Displaying items by tag: restructuring
German software behemoth SAP has stunned staff by announcing that it will cut 3,000 jobs as part of a €1bn restructuring plan after profits stagnated in 2018.
However, the upbeat company insists it is still on track to grow revenues and earnings for this year, but that a restructuring of its overall operations and practices are necessary.
SAP’s CFO, Luka Mucic said the company expects a higher number of employees to leave that during its last job cull which occurred in 2015. He said, “We are talking about a completely voluntary program, we expect a number slightly higher than in 2015 of employees to leave.”
In 2015, SAP cut around 2,200 positions in a move that was described at that time as the company’s transition away from traditional software towards cloud computing.
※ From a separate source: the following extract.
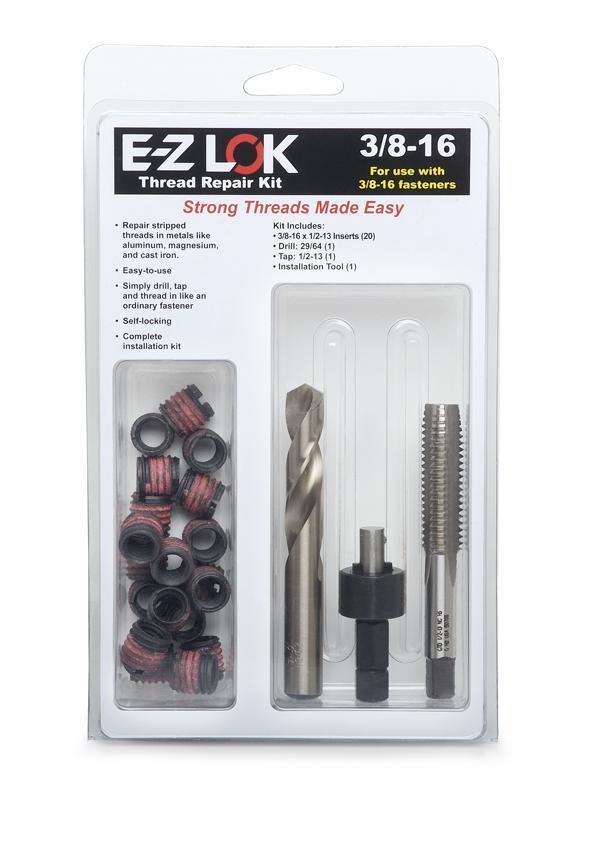 Wallers Industrial Hardware  E-Z LOK™ Thread Repair Kit - Thin Wall - 3/8"-24 UNF x 1/2"-13 UNC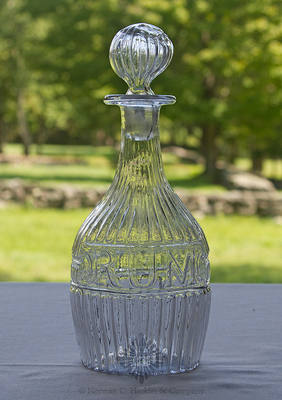 "Rum" Embossed Blown Three Mold Decanter, GI-8, Type 10 stopper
SAP plan to spend between 800m and 1bn on restructuring the company in an effort to simplify its structures and processes.
CEO Bill McDermott acknowledged that the job cuts are painful but reiterated that they were necessary in order to pave the way for SAP to make new investments in emerging growth areas within the software ecosystem.
The SAP CEO said, “We are going to move our people and our focus to the areas SAP needs the most, AI (artificial intelligence), blockchain, internet of things, quantum computing. We currently have 95,000 people in the company, if we talk in a few years it will be more.”
Despite the messaging from SAP that the job cuts are necessary in order to create capital to invest in new areas, it’s clear the stagnation of profits and stunting of growth have heightened the pressure on the German software leader.
SAP announced that its net profits had grown by just 1% last year reaching 4.1bn euros. In 2018, SAP continued its transformation away from the perception that it’s a traditional one-off sales’ of business software licenses to cloud computing, under which it charges customers a subscription fee to process data on the firm's computers.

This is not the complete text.